Memorie di sopravvissute non ce ne saranno mai abbastanza. Ma la violenza sulle donne è un affare collettivo e non privato. Ecco a cosa serve l’unicità di una storia di violenza denunciata: farsi diario in pubblico per un cambiamento necessario dove le donne sono persone e non oggetti da possedere, condottiere delle loro esistenze e non schiave delle loro passioni.

 Marta Occhipinti Giornalista de La Repubblica

Quando ho iniziato a tradurre il libro di Silvana, temevo che fosse uno dei tanti resoconti su cui i giornali amano speculare. Una testimonianza che servisse più come liberazione che come esortazione ad elevare la propria vita, come succede con la bella letteratura. Ammetto di aver aperto la prima pagina col timore che un racconto di esordio, di qualunque genere si trattasse, fosse inesatto, impreciso, non efficace. A mano a mano che andavo avanti, mi prefiggevo di renderlo più incisivo, sostituivo i punti e virgola con i punti, riscrivevo o eliminavo espressioni un po’ stereotipate. Ma a un certo punto, mi sono reso conto che ogni parola doveva rimanere esattamente lì dov’era, perché solo così sarebbe arrivata alla coscienza di chi avrebbe letto. Ho capito il senso della frase scritta nei ringraziamenti, “ogni parola mi ha fatto molto male”. E ho deciso di lasciare intatto il respiro originale, limitandomi a mettere in risalto immagini molto belle, e molto forti. Si trattava di una narrazione esplosa, e come tale andava consegnata anche in italiano. La sua forza dal punto di vista narrativo stava nella sua spontaneità.

Leggendo mi ripetevo: è un vademecum, è molto breve, ma di un impatto emotivo incredibile. In poche pagine c’era tutto. Tutte le fasi della costruzione della violenza. Dapprima la dominazione, poi la coercizione, l’umiliazione (“I tuoi non ti vogliono”, “Sei ingrassata da far schifo”, “Sono io a sfamarti”) poi l’isolamento, e infine le percosse. Tutto il peso di un ricatto sociale e familiare (“Tuo marito e tua suocera hanno i soldi”, “La decisione della madre di Cesar di assumere dei muratori, tra i quali, mio padre”). L’abbandono delle altre donne che le hanno voltato le spalle (“Questi lividi non sono freschi”). Una confabulazione tanto casuale quanto diabolica. E infine la forza di una donna che non si è arresa ed è riuscita a trovare una salvezza nonostante la “reiterazione dell’indifferenza”.

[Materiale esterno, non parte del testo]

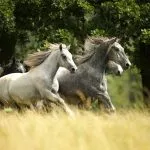 Lipica horses
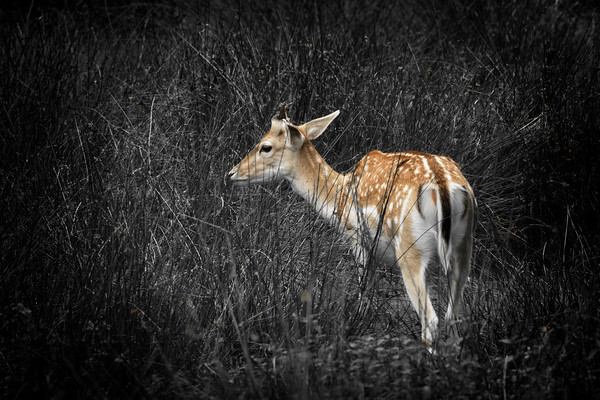 Fallow Deer Picture Board by Jonathan Thirkell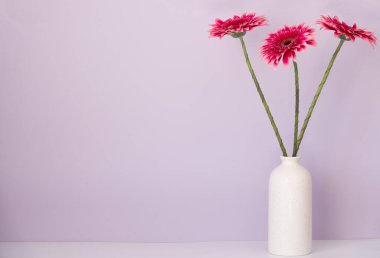 Beyaz arka planda birkaç gerbera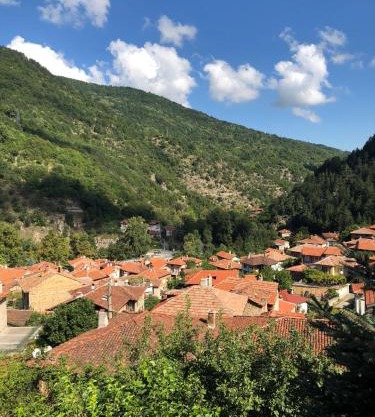 Ambrozia Spa and Relax family house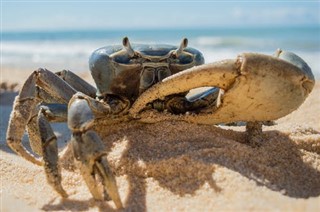 エウロパ島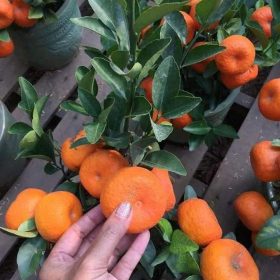 Bibit Jeruk Santang Madu Berbuah Dan Berbunga Bangka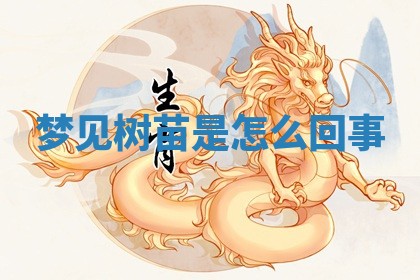 2025年10月03日打牌打麻将方向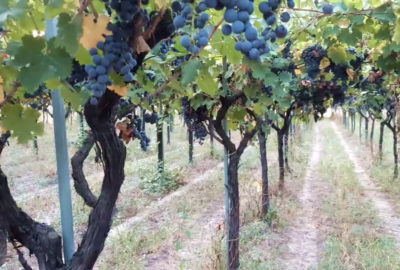 Nero di Troia Cooperativa Vino Nuovo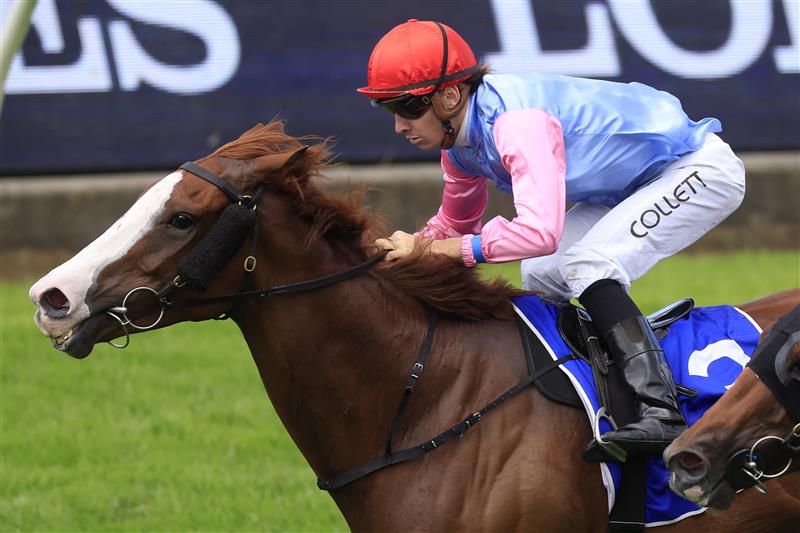 SYDNEY, AUSTRALIA - MARCH 12: Jason Collett on Just Folk wins race 4 the Hyland Race Colours Ajax Stakes during Sydney Racing Chandon Ladies Day at Rosehill Gardens on March 12, 2022 in Sydney, Australia. (Photo by Mark Evans/Getty Images)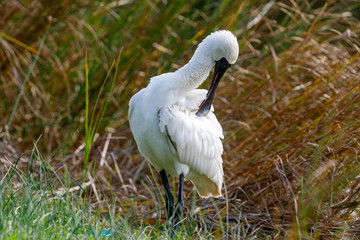 Royal Spoonbill in New Zealand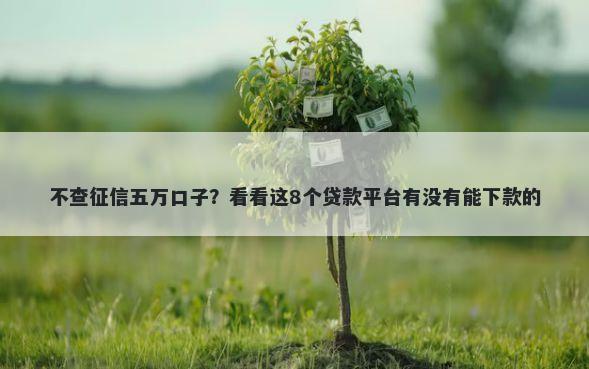 不查征信五万口子？看看这8个贷款平台有没有能下款的
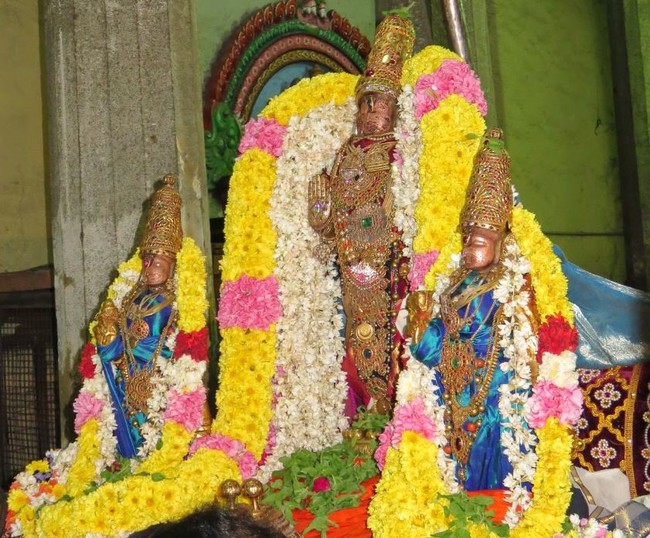 Kanchi Sri Devarajaswami Kovil THondaradipodi azhwar Thirunakshatram-2014-39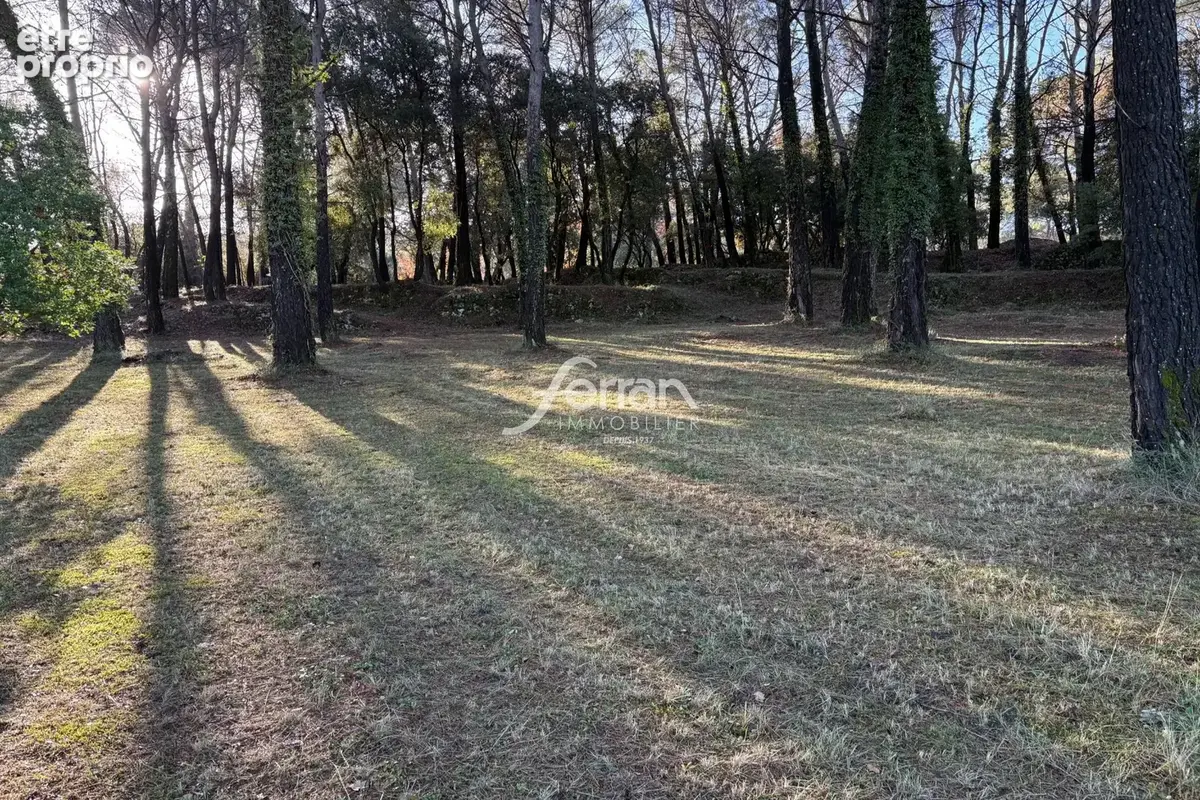 Terrain 7 100 m² à vendre à Callas (83830) - photo 3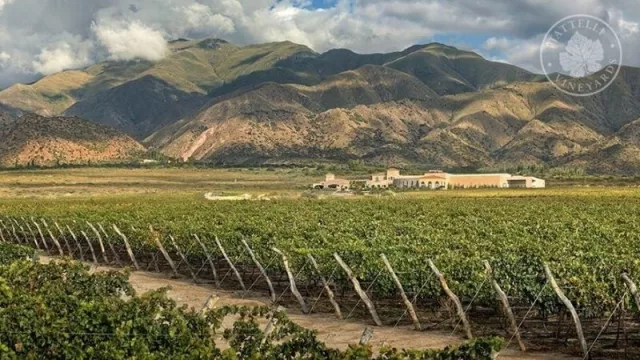 Bodegas de Salta: “En un contexto de incertidumbre, las máquinas siguen funcionando”  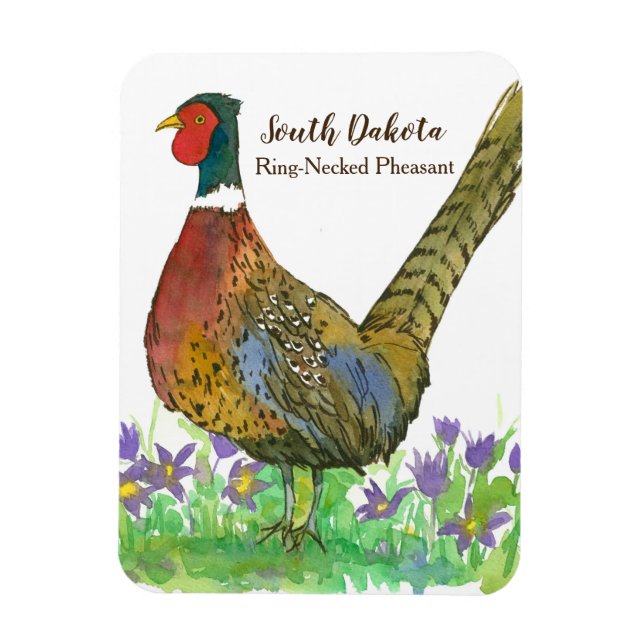 South Dakota Ring Necked Pheasant Prairie Crocus Magnet (Vertical)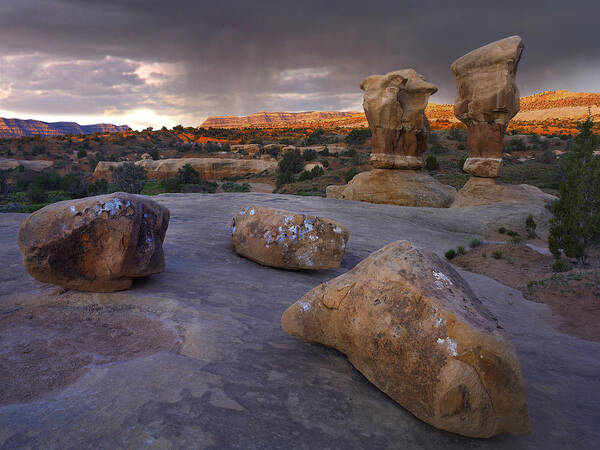 00175255 Art Print featuring the photograph Devils Garden Sandstone Formations by Tim Fitzharris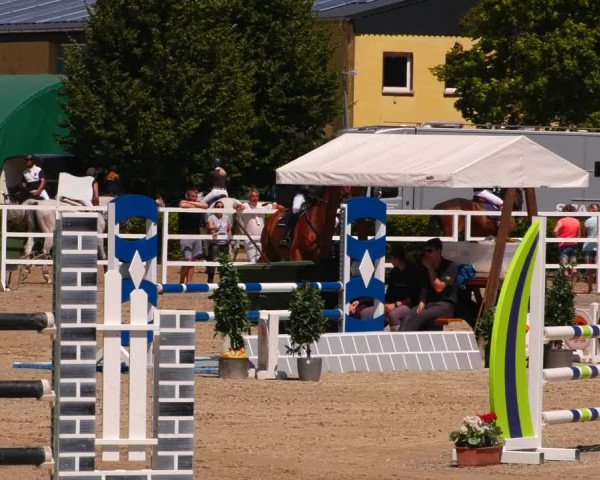 Reitturnier Neustadt/Dosse 2022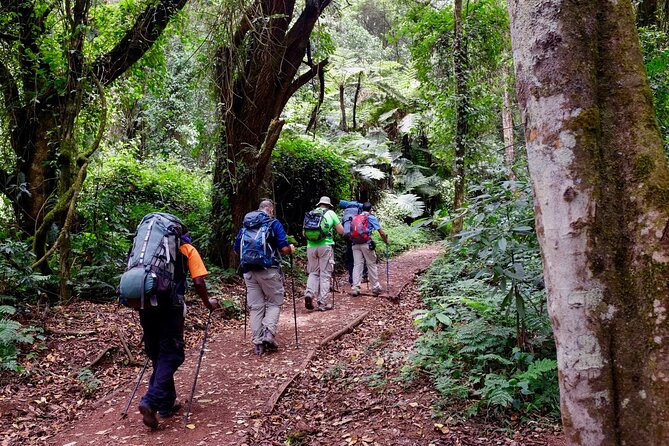 Private Full Day Hiking Experience to Marangu Route - Return Drive to Arusha: Cold or Warm Beer and Real Down Time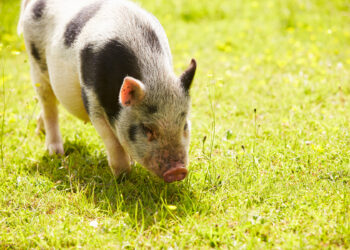 Où faire dormir un cochon nain ?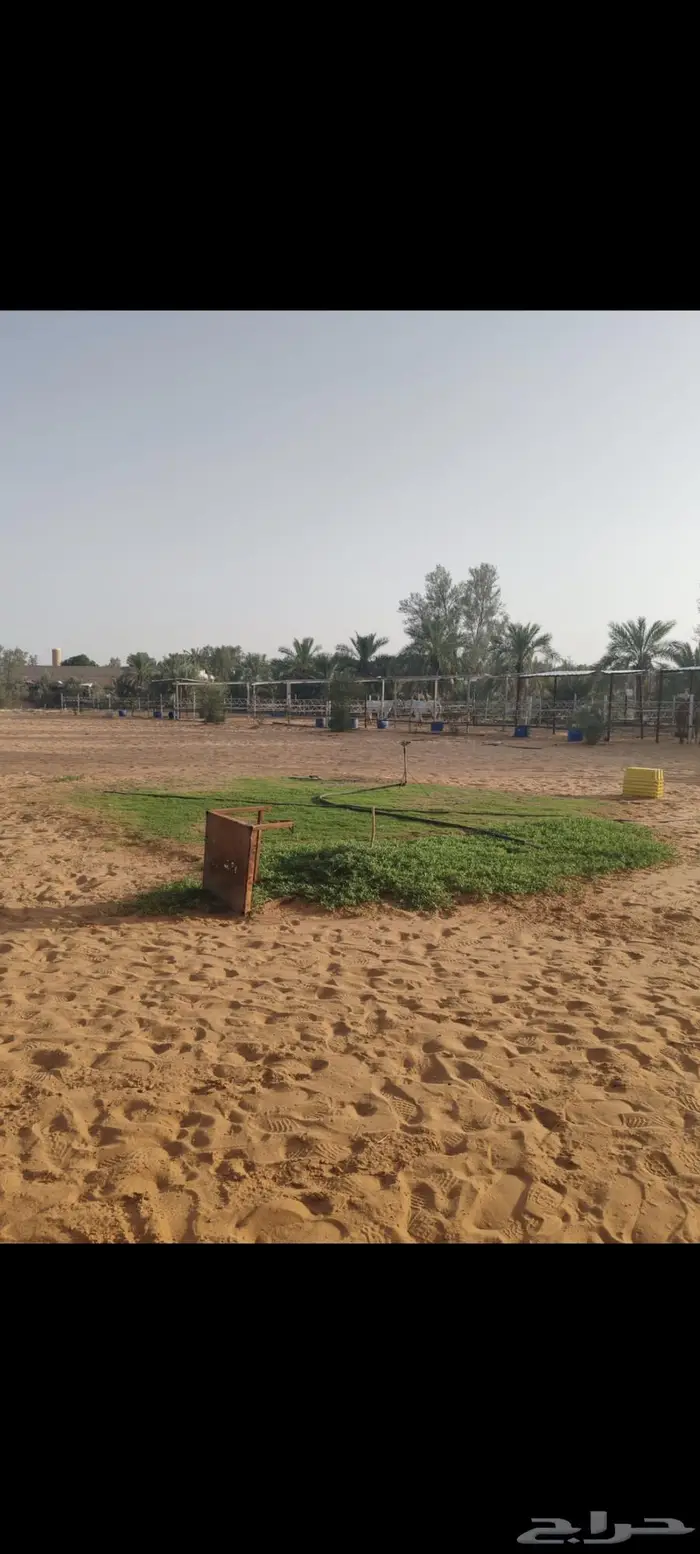 مربط ريوف الخضرا 4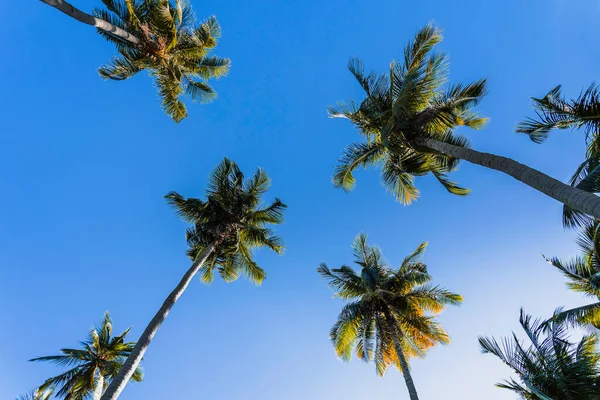 Pohled Zdola Nahoru Kokosové Stromy Proti Modré Obloze Slunečného Rána — Stock fotografie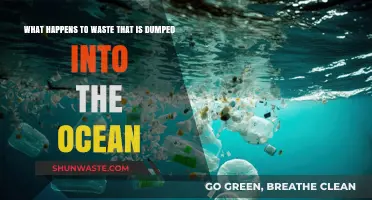 Ocean's Burden: The Devastating Impact of Dumped Waste on Marine Life
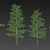 Realistic Birch Trees: Detailed 3D Models 3D model small image 7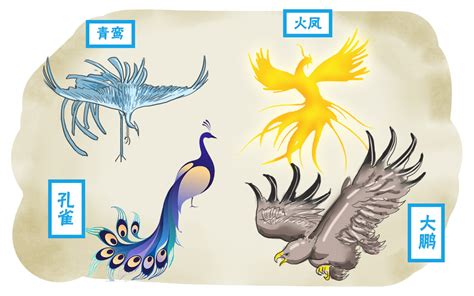 鳳育九雛|鳳育九雛:小說杜撰一,鵷鶵,金鵬（與鯤所化得大鵬有所區別）,孔雀…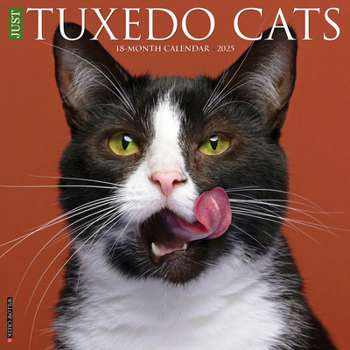 Calendar Just Tuxedo Cats 2025 12 X 12 Wall Calendar Book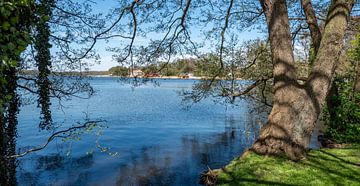 Mecklenburgse meren in het voorjaar van Animaflora PicsStock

Questo piccolo libretto è una specie di miracolo, per il semplice fatto che avrebbe potuto non esistere. È costruzione della consapevolezza, ricerca coraggiosa della verità, scoperta di un’ostinazione che nessuno di noi sa di avere. Fino all’esplosione: un nome. Utilizzando il vero nome del suo aggressore, Silvana ha trasformato un’opera letteraria, già fedele a fatti reali, in una guida alla sopravvivenza. Perché se è vero che da un lato esiste un intero filone della narrativa a vocazione femminile, e dall’altro esiste la cronaca – in cui comunque si tende a omettere le identità – sono convinto che molte vittime di violenza di genere abbiano bisogno di leggere storie come questa per trovare il coraggio di denunciare i propri aggressori e fare pubblicamente il loro nome e cognome.